Question

A large number of liquid drops each of radius r coalesce to from a single drop of radius R. The energy released in the process is converted into kinetic energy of the big drop so formed. The speed of the big drop is (given, surface tension of liquid T, density $\rho$)

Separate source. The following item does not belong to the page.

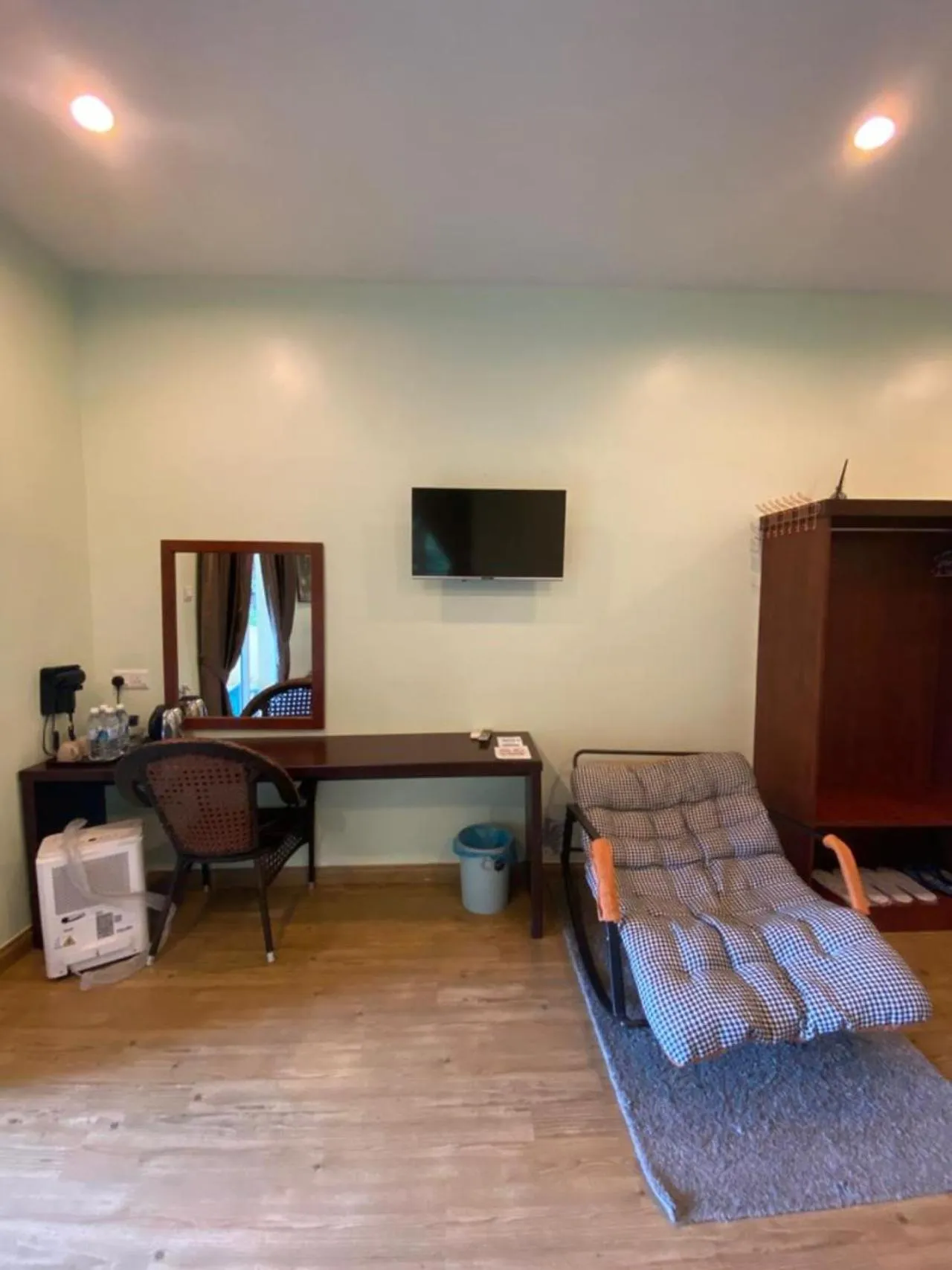 wardrobe in Highlanders Garden Guesthouse at Arundina Cameron Highlands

• A. $\sqrt{\frac{T}{\rho}\left(\frac{1}{r}-\frac{1}{R}\right)}$
• B. $\sqrt{\frac{2T}{\rho}\left(\frac{1}{r}-\frac{1}{R}\right)}$
• C. $\sqrt{\frac{T}{4\rho}\left(\frac{1}{r}-\frac{1}{R}\right)}$
• D. $\sqrt{\frac{6T}{\rho}\left(\frac{1}{r}-\frac{1}{R}\right)}$

Answer 1

Answer: (D)

$\sqrt{\frac{6T}{\rho}\left(\frac{1}{r}-\frac{1}{R}\right)}$

Answer 2

When drops combine to form a single drop of radius R.
Then energy released,
$E = 4\pi TR^{3}\left[\frac{1}{r}-\frac{1}{R}\right]$
If this energy is converted into kinetic energy then
$\frac{1}{2}mv^{2} = 4\pi R^{3}T\left[\frac{1}{r}-\frac{1}{R}\right]$
$\frac{1}{2}\times\left[\frac{4}{3}\pi R^{3}\rho\right]v^{2} = 4\pi R^{3}T\left[\frac{1}{r}-\frac{1}{R}\right]$
$v = \sqrt{\frac{6T}{\rho}\left[\frac{1}{r}-\frac{1}{R}\right]}$